• **Collected data**:
▬▬▬▬▬▬

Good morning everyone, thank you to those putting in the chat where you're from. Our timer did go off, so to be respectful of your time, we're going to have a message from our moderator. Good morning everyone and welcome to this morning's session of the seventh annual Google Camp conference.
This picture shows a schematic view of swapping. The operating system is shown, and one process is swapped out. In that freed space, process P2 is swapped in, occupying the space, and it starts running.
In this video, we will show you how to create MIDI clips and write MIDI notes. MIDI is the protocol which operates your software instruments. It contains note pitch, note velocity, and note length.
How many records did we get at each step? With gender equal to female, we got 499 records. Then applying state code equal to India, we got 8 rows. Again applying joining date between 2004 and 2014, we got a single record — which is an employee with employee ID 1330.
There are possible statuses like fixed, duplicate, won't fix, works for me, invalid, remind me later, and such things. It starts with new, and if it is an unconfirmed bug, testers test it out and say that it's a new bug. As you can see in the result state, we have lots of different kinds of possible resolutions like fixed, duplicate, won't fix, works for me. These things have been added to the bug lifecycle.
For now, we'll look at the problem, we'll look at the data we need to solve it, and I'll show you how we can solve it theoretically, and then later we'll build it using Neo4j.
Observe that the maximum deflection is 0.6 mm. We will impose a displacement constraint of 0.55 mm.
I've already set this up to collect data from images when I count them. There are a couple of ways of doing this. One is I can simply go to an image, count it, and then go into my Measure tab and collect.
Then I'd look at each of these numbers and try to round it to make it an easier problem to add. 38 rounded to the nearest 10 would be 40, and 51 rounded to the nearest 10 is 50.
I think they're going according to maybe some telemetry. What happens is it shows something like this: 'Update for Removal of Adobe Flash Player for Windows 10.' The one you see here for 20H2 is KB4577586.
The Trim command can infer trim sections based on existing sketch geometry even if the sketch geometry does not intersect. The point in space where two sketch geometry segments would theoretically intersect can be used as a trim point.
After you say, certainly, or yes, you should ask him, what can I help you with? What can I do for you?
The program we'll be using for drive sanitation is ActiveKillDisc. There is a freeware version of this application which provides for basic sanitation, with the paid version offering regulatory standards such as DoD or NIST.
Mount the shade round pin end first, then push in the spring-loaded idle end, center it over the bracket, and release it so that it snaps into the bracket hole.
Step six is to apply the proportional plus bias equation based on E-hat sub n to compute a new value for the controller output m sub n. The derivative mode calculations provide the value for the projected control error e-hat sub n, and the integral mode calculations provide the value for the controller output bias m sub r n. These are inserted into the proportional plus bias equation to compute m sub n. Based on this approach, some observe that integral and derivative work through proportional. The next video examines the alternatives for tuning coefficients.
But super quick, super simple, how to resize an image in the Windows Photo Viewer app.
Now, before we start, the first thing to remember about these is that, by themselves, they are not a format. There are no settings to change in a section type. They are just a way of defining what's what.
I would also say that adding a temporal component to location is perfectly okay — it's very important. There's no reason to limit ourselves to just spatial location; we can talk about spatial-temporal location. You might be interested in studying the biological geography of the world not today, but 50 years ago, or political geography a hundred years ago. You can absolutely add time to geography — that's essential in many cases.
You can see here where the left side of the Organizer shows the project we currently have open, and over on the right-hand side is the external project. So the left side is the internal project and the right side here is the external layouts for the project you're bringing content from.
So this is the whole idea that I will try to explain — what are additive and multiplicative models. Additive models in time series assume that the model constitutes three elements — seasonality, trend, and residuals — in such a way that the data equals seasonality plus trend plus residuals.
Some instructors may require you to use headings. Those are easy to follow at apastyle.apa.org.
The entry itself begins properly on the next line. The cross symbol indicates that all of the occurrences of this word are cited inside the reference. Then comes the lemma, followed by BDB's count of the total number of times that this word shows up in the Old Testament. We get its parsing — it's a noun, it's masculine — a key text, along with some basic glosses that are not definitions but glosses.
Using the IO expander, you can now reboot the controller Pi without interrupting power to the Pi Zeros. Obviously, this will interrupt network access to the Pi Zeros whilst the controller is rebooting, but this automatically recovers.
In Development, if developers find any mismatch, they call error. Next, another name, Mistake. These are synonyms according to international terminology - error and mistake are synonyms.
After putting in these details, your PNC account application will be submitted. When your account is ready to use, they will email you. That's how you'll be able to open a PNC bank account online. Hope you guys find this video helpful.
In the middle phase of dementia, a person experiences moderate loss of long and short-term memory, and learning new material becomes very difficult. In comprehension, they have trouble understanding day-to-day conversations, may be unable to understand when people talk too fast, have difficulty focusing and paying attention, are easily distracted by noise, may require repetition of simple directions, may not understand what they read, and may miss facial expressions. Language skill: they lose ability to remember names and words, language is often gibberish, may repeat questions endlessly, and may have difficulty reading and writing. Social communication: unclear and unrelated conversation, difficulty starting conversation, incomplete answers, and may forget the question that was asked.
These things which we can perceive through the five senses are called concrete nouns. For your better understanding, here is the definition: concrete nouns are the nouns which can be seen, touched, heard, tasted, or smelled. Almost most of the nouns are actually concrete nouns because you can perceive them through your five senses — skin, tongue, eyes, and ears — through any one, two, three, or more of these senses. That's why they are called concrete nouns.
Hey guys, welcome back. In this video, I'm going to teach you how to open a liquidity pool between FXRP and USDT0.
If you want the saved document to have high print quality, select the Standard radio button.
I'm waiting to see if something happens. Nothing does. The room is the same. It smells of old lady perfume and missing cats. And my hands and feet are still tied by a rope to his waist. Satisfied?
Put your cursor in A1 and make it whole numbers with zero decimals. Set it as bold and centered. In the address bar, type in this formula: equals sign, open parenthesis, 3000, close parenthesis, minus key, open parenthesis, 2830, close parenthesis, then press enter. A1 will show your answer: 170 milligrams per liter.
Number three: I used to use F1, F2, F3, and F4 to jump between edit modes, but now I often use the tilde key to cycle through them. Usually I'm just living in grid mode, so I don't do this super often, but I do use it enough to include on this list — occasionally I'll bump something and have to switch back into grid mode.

▬▬▬▬▬▬

Every record, from the first to the last, should be transcribed exactly.

Good morning everyone, thank you to those putting in the chat where you're from. Our timer did go off, so to be respectful of your time, we're going to have a message from our moderator. Good morning everyone and welcome to this morning's session of the seventh annual Google Camp conference.
This picture shows a schematic view of swapping. The operating system is shown, and one process is swapped out. In that freed space, process P2 is swapped in, occupying the space, and it starts running.
In this video, we will show you how to create MIDI clips and write MIDI notes. MIDI is the protocol which operates your software instruments. It contains note pitch, note velocity, and note length.
How many records did we get at each step? With gender equal to female, we got 499 records. Then applying state code equal to India, we got 8 rows. Again applying joining date between 2004 and 2014, we got a single record — which is an employee with employee ID 1330.
There are possible statuses like fixed, duplicate, won't fix, works for me, invalid, remind me later, and such things. It starts with new, and if it is an unconfirmed bug, testers test it out and say that it's a new bug. As you can see in the result state, we have lots of different kinds of possible resolutions like fixed, duplicate, won't fix, works for me. These things have been added to the bug lifecycle.
For now, we'll look at the problem, we'll look at the data we need to solve it, and I'll show you how we can solve it theoretically, and then later we'll build it using Neo4j.
Observe that the maximum deflection is 0.6 mm. We will impose a displacement constraint of 0.55 mm.
I've already set this up to collect data from images when I count them. There are a couple of ways of doing this. One is I can simply go to an image, count it, and then go into my Measure tab and collect.
Then I'd look at each of these numbers and try to round it to make it an easier problem to add. 38 rounded to the nearest 10 would be 40, and 51 rounded to the nearest 10 is 50.
I think they're going according to maybe some telemetry. What happens is it shows something like this: 'Update for Removal of Adobe Flash Player for Windows 10.' The one you see here for 20H2 is KB4577586.
The Trim command can infer trim sections based on existing sketch geometry even if the sketch geometry does not intersect. The point in space where two sketch geometry segments would theoretically intersect can be used as a trim point.
After you say, certainly, or yes, you should ask him, what can I help you with? What can I do for you?
The program we'll be using for drive sanitation is ActiveKillDisc. There is a freeware version of this application which provides for basic sanitation, with the paid version offering regulatory standards such as DoD or NIST.
Mount the shade round pin end first, then push in the spring-loaded idle end, center it over the bracket, and release it so that it snaps into the bracket hole.
Step six is to apply the proportional plus bias equation based on E-hat sub n to compute a new value for the controller output m sub n. The derivative mode calculations provide the value for the projected control error e-hat sub n, and the integral mode calculations provide the value for the controller output bias m sub r n. These are inserted into the proportional plus bias equation to compute m sub n. Based on this approach, some observe that integral and derivative work through proportional. The next video examines the alternatives for tuning coefficients.
But super quick, super simple, how to resize an image in the Windows Photo Viewer app.
Now, before we start, the first thing to remember about these is that, by themselves, they are not a format. There are no settings to change in a section type. They are just a way of defining what's what.
I would also say that adding a temporal component to location is perfectly okay — it's very important. There's no reason to limit ourselves to just spatial location; we can talk about spatial-temporal location. You might be interested in studying the biological geography of the world not today, but 50 years ago, or political geography a hundred years ago. You can absolutely add time to geography — that's essential in many cases.
You can see here where the left side of the Organizer shows the project we currently have open, and over on the right-hand side is the external project. So the left side is the internal project and the right side here is the external layouts for the project you're bringing content from.
So this is the whole idea that I will try to explain — what are additive and multiplicative models. Additive models in time series assume that the model constitutes three elements — seasonality, trend, and residuals — in such a way that the data equals seasonality plus trend plus residuals.
Some instructors may require you to use headings. Those are easy to follow at apastyle.apa.org.
The entry itself begins properly on the next line. The cross symbol indicates that all of the occurrences of this word are cited inside the reference. Then comes the lemma, followed by BDB's count of the total number of times that this word shows up in the Old Testament. We get its parsing — it's a noun, it's masculine — a key text, along with some basic glosses that are not definitions but glosses.
Using the IO expander, you can now reboot the controller Pi without interrupting power to the Pi Zeros. Obviously, this will interrupt network access to the Pi Zeros whilst the controller is rebooting, but this automatically recovers.
In Development, if developers find any mismatch, they call error. Next, another name, Mistake. These are synonyms according to international terminology - error and mistake are synonyms.
After putting in these details, your PNC account application will be submitted. When your account is ready to use, they will email you. That's how you'll be able to open a PNC bank account online. Hope you guys find this video helpful.
In the middle phase of dementia, a person experiences moderate loss of long and short-term memory, and learning new material becomes very difficult. In comprehension, they have trouble understanding day-to-day conversations, may be unable to understand when people talk too fast, have difficulty focusing and paying attention, are easily distracted by noise, may require repetition of simple directions, may not understand what they read, and may miss facial expressions. Language skill: they lose ability to remember names and words, language is often gibberish, may repeat questions endlessly, and may have difficulty reading and writing. Social communication: unclear and unrelated conversation, difficulty starting conversation, incomplete answers, and may forget the question that was asked.
These things which we can perceive through the five senses are called concrete nouns. For your better understanding, here is the definition: concrete nouns are the nouns which can be seen, touched, heard, tasted, or smelled. Almost most of the nouns are actually concrete nouns because you can perceive them through your five senses — skin, tongue, eyes, and ears — through any one, two, three, or more of these senses. That's why they are called concrete nouns.
Hey guys, welcome back. In this video, I'm going to teach you how to open a liquidity pool between FXRP and USDT0.
If you want the saved document to have high print quality, select the Standard radio button.
I'm waiting to see if something happens. Nothing does. The room is the same. It smells of old lady perfume and missing cats. And my hands and feet are still tied by a rope to his waist. Satisfied?
Put your cursor in A1 and make it whole numbers with zero decimals. Set it as bold and centered. In the address bar, type in this formula: equals sign, open parenthesis, 3000, close parenthesis, minus key, open parenthesis, 2830, close parenthesis, then press enter. A1 will show your answer: 170 milligrams per liter.
Number three: I used to use F1, F2, F3, and F4 to jump between edit modes, but now I often use the tilde key to cycle through them. Usually I'm just living in grid mode, so I don't do this super often, but I do use it enough to include on this list — occasionally I'll bump something and have to switch back into grid mode.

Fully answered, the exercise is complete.